**Data segment**
——————————

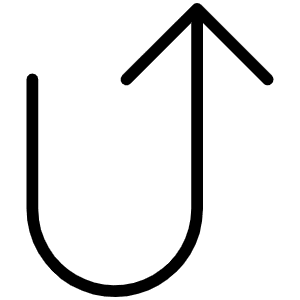 Arrow U Right Up Thin Icon from Phosphor Thin Set
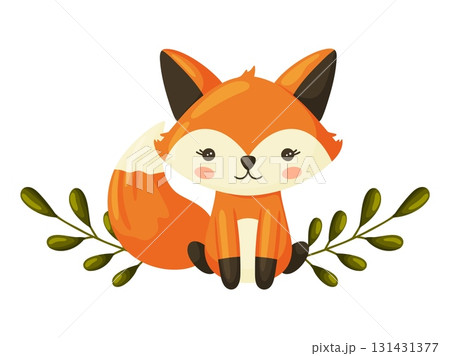 Cute Fox with Green Twigs Illustration Cute Fox with Green Twigs Illustration 131431377
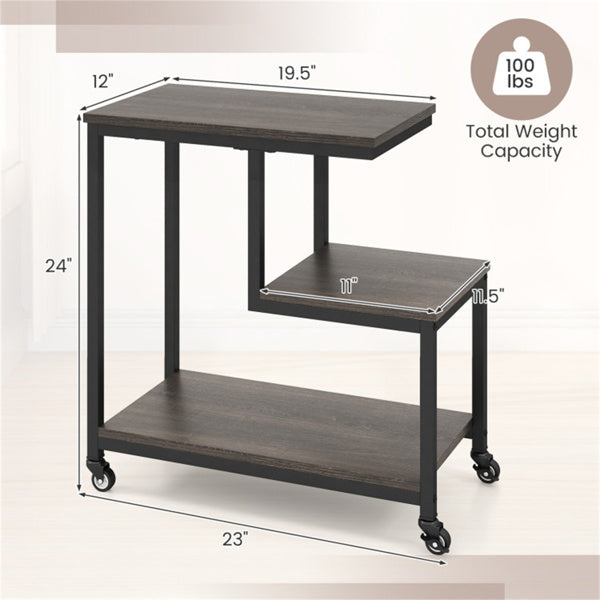 G-Shaped 3-Tier Gray End Table with Wheels – Mobile Storage Side Table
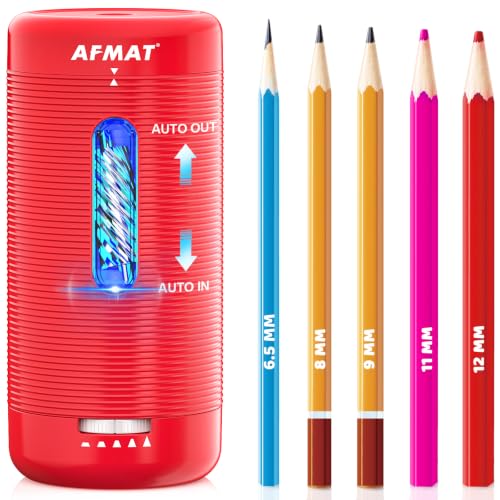 AFMAT Electric Pencil Sharpener, Fully Automatic Pencil Sharpener, Auto in & Out, Rechargeable Hands-Free Sharpeners for Jumbo & Colored Pencils (6.5-12mm), Portable for Home/Classroom/Office PSC2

——————————

**Problem details**
The copy must reproduce the listing above verbatim and contain no pictures.

**Solved problem**
 Arrow U Right Up Thin Icon from Phosphor Thin Set
 Cute Fox with Green Twigs Illustration Cute Fox with Green Twigs Illustration 131431377
 G-Shaped 3-Tier Gray End Table with Wheels – Mobile Storage Side Table
 AFMAT Electric Pencil Sharpener, Fully Automatic Pencil Sharpener, Auto in & Out, Rechargeable Hands-Free Sharpeners for Jumbo & Colored Pencils (6.5-12mm), Portable for Home/Classroom/Office PSC2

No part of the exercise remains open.